Slowing down to the speed of presence, I heard this expression from Alan Seale, Center for Transformational Presence, recently and it hit me like a boomerang. And it has continued to hit me. For days I have walked around trying to figure out what it means for me. What is paradoxical is that it is not about figuring out, it is about surrendering. Surrendering for me is letting go, while leaning into something that is bigger than me. Figuring out is using my intellect to find an answer which I have found can be exhausting, taking more energy and giving me less clever answers. The answers come when I let go from a point of presence.
What is a point of presence? It is when I am grounded, my feet feeling the pull of gravitation from the earth, and from that point I am lengthening up through the spine and upwards, as if there is a heaven and earth connection and these can meet in my heart. I am in touch with my breathing which goes deep down into my belly.

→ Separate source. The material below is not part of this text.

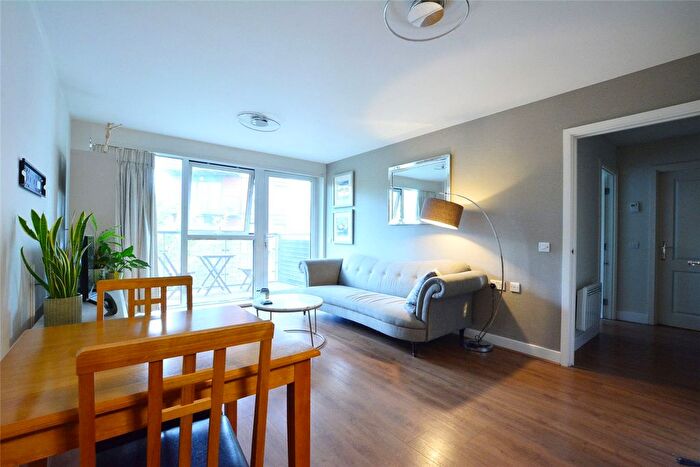 2 Bedroom Flat To Rent In Tarves Way, London, SE10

The slowing down to the speed of presence seems to be about slowing down to my point of presence in the midst of the speediness that is going on around me. Allowing me to stop the result-oriented energy that do not take into account what is going on around me. Life is what happens when I am busy doing other things. Can I hear the songs of the birds? I take a deep conscious breath and stop writing…Right now, I am hearing a dove outside and there is something that is very soothing with that sound. Do I see the light green leaves of the birches and can I hear them fluttering in the wind?When I went for a walk this morning I stopped short on the path I was walking and was amazed of the beauty of the experience of just being with the sound of the fragile birch leaves. It is amazing to just stop and be present to what is both outside myself and what happens to me on the inside. The slowing down, the smile that comes to my lips, the softening of my eyes.
❤️How can you slow down to the speed of presence in the midst of what you are doing?
❤️What do you discover?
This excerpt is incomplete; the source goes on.